Interesting sourcing on that quote. I'm not sure what you meant to say with it, so I'll elaborate. In fantasy sports, you begin by calculating an expected value for each player over the upcoming season. These values are used to construct your team in a draft, which is either turn-based (A picks a player, then B, then C) or auction-based (A, B, and C bid on players from a fixed initial pool of money). As the season goes on, you update your expected values with evidence from the past week's games in order to decide which players will be active and accrue points for your fantasy team. The analogy should be obvious for most folks here. You're combining evidence to form a probability (how good was he last season? Is the new coach's game plan going to help or hurt his stats? Is he a particularly high injury risk?) and multiplying by utility to form a preference ranking. In an auction draft, the pricing mechanism even requires you to explicitly compute the expected utility values. When games are played, you update on evidence and revise your rankings. Most people have a hard time relating to decision theory because it doesn't "feel like" what goes on in their head when they make decisions. Fantasy sports is a useful example because it makes the process explicit. I didn't fully realize how good a fit it is before this conversation - maybe I should write up an introductory rationality piece on this foundation.

3lessdazed13y

The quote is from Orwell's 1984. The proles are generally ignorant, but good at tracking lottery numbers because it is a game. That's right, I just generalized from fictional evidence! I figured if people are going to complain about the Burns quote, I'd give them something to really complain about. Wrong book with a date as a title, wrong author of an Odyssey, wrong language. Fantasy sports is a great example of where this would be useful, and I can't think of a better analogy.

[-]cousin_it13y130

Am I missing something, or does the post just say that we shouldn't use frequentist "unbiased estimators" as if they were Bayesian posterior expected values?

5jsalvatier13y

Not quite. If you were to do individual bayesian estimates you would have the same problem because there is shared prior information that would remain unmodeled.

6cousin_it13y

Are you pointing out that each individual Bayesian estimate must be conditioned on all the information available, or is it more subtle than that?

3jsalvatier13y

Nope, that's it.

[-]Mass_Driver13y11-1

consider a decision problem in which there are k choices, each of which has true estimated [expected value] of 0.

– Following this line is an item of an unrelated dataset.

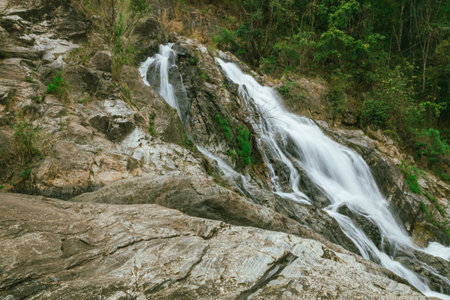 Khlong Lan waterfall , Kamphaeng Phet Province, Thailand. long exposure photo.の写真素材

Lukeprog, if I've understood you correctly, then this is no good; this is a corner case. The question to be answered here is whether we should expect a "common sense" executive who favors plans with a high prior estimate to do better than a "technical" analyst who favors plans that perform well according to the formal estimation criteria. By assuming that all prior estimates are identical except for bias, this assumption ensures that the technical analyst will win. This, however, begs the question. One could just as easily assume that there is large variation in the true expected values, and that the formal criteria will always produce an estimate of 0, in which case the common sense executive will always win.

Am I missing something? I like the topic; I would enjoy reading about which approach we should expect to perform better in a typical situation.

[-]Nisan13y100

I think the case where all the choices has a "true expected value" of 0 is picked out merely to illustrate the problem.

2lukeprog13y

Yes.

4Mass_Driver13y

That's fine; you're more than welcome to illustrate the problem, and your analysis does in fact do that. It does it very well; your writing, as always, is very lucid. However, you finish the article by claiming that Bayesian analysis can correct for the problem, and this is something that (I don't think) you even begin to show. Bayesian analysis solves the corner case, but does it bring any traction at all on a typical case?

5RobinZ13y

I think it's worse than that: Karnofsky's problem is that he has to compare moderate-mean low-variance estimates to large-mean large-variance estimates, but lukeprog's solution is for comparing the estimate to the result in cases where the variance is equal across the board.

4[anonymous]13y

Put another way, the higher the variance in the true payoffs, the less relevant the curse. This is the flipside of: the more accurate the estimates, the less relevant the curse.

[-]JGWeissman13y90

Is there an example where applying this correction to the expected values changes the decision?

[-]Manfred13y100

In any group there's going to be random noise, and if you choose an extreme value, chances are that value was inflated by noise. In Bayesian, given that something has the highest value, it probably had positive noise, not just positive signal. So the correction is to correct out the expected positive noise you get from explicitly choosing the highest value. Naturally, this correction is greater for when the noise is bigger.

So imagine choosing between black boxes. Each black box has some number of gold coins in it, and also two numbers written on it. The first number, A, on the box is like the estimated expected value, and the second number, B, is like the variance. What happened is that someone rolled two distinct dice with B sides, subtracted die 1 from die 2, and added that to the number of gold coins in the box.

So if you see a box with 40, 3 written on it, you know that it has an expected value of 40 gold coins, but might have as few as 37 or as many as 43.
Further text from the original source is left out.